:: WHAT THE TASK REQUIRES ::
Where the line containing "Казкосмос: передача российского" appears in the records below, begin there and repeat each line exactly through the final one, dropping all pictures.

:: DATASET CONTENT ::
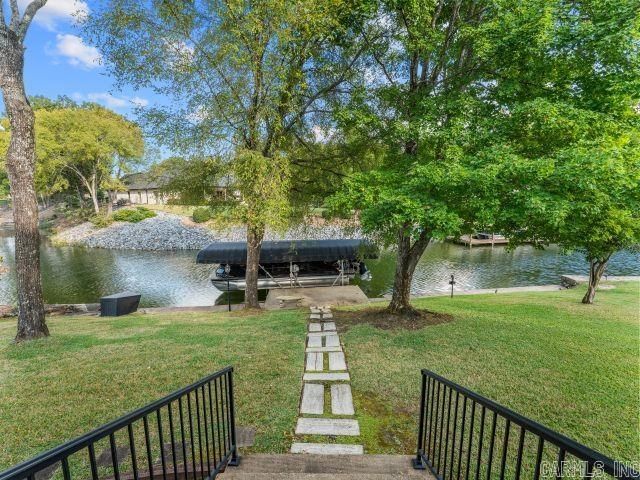 104 Channelview, Hot Springs, AR 71913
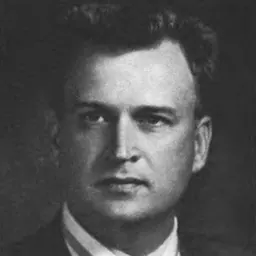 Portrait of Ronald M. Mottl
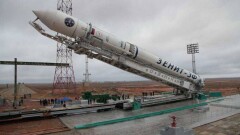 Казкосмос: передача российского комплекса "Зенит" Казахстану идёт по плану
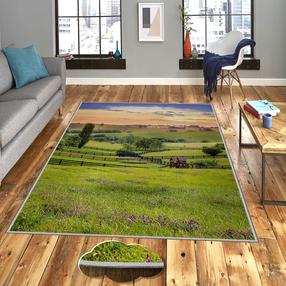 Kilimas Conceptum Hypnose EEXFAB866, įvairių spalvų, 200 cm x 100 cm
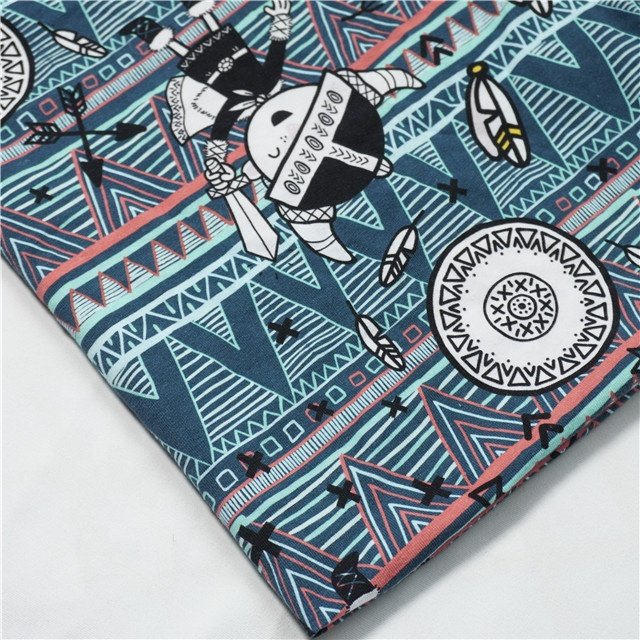 70%bamboo 25%Cotton 5%Spandex Custom printed digital printed Bamboo Cotton lycra spandex jersey fabric for Tshirt 260gsm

:: WORKED SOLUTION ::
 Казкосмос: передача российского комплекса "Зенит" Казахстану идёт по плану
 Kilimas Conceptum Hypnose EEXFAB866, įvairių spalvų, 200 cm x 100 cm
 70%bamboo 25%Cotton 5%Spandex Custom printed digital printed Bamboo Cotton lycra spandex jersey fabric for Tshirt 260gsm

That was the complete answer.